We all do, one way or the other.  Have to pay for the bank and its employees.


----------



## Blessed (Jun 10, 2022)

Careful so I don't have any fees.  I get a lot of free services that others have to pay for because of my accounts.  My credit card through the bank pays me cash back on purchases.  I use that card for everything and have it set up for autopay every month.  I never carry a balance that would result in interest charges.


----------



## jujube (Jun 10, 2022)

Nope. They even give me a free safety deposit box.


----------



## Kaila (Jun 10, 2022)

I have to be very careful, to avoid them, and usually manage to, unless I must have something they charge for. 
 The fees for anything they do charge for, have grown a lot, so it's significant.


----------



## spectratg (Jun 10, 2022)

Given the ravages of inflation, the banks are collecting their "fees" indirectly through the declining value of the dollar.  BTW, I only get 30 cents a month unlike @Pepper who gets 75 cents.


----------



## feywon (Jun 10, 2022)

Most banks, if you are not chronicly overdrawing, will waive the occasional overdraft fee. You do have to ask tho. And many have plans that allow for automatic transfer from savings if you keep a good bit in savings because they earn interest and checking rarely do.  (I have one of those). 

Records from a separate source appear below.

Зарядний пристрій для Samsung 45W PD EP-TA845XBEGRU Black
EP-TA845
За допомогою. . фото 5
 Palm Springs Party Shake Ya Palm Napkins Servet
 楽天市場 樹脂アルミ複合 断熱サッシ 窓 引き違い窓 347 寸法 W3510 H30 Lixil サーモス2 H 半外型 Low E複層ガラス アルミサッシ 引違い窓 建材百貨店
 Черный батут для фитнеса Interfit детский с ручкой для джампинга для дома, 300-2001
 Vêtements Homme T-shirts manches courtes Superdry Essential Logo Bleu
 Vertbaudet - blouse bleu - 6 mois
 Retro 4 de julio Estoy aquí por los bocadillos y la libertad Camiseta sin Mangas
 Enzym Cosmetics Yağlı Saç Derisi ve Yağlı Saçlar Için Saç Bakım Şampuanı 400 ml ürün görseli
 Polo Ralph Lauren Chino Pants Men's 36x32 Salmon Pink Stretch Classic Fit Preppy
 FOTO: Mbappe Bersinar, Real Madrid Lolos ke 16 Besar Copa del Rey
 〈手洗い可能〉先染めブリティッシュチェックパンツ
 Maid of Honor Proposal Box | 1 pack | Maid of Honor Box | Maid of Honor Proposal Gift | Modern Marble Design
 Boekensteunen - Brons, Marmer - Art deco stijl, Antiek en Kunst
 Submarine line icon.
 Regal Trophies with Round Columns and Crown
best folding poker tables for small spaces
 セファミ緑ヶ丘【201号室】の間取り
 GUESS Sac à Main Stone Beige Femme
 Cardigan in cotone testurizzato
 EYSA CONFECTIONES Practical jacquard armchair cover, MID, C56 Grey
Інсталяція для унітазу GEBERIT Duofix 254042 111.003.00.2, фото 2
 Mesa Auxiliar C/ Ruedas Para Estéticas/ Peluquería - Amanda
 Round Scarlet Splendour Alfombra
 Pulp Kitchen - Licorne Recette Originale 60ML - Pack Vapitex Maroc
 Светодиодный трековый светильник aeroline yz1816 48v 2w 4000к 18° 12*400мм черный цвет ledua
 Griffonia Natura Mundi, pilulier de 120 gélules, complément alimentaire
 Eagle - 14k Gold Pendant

One of things i like about modern tech is i can reconcile my checking  account as often as i like, check to make sure payments have cleared. When stressed i'm more prone to small errors, tho they often are in direction that doesn't cause overdraft, but happy surprise i have a bit more than i thought.


----------



## Jules (Jun 10, 2022)

No charges as a senior.  SBA from the savings accounts; they do need to make their $billions.


----------



## OneEyedDiva (Jun 10, 2022)

I haven't paid bank fees in about 50 years...literally.  After getting direct deposit when I was about 25, I no longer had to pay checking account fees. Also when I was in my 20's, I had already started building a good (now excellent) credit rating. When applying for cards with fees, I'd call and ask them to waive the fees and they did. Then more cards started being fee free and I have those now. I don't pay interest since I pay all my credit card bills in full each month. I'm sure I've saved several thousands over the years. In fact, we purchased our timeshare, interest free and that alone saved over $4,000. After two reps couldn't sell me, the manager came over, dropped the price to 1/3 of asking then I hit him with I'm Muslim and we don't pay interest (Riba)...which is true. He said if we paid it off in a year, it would be interest free and that's what we did.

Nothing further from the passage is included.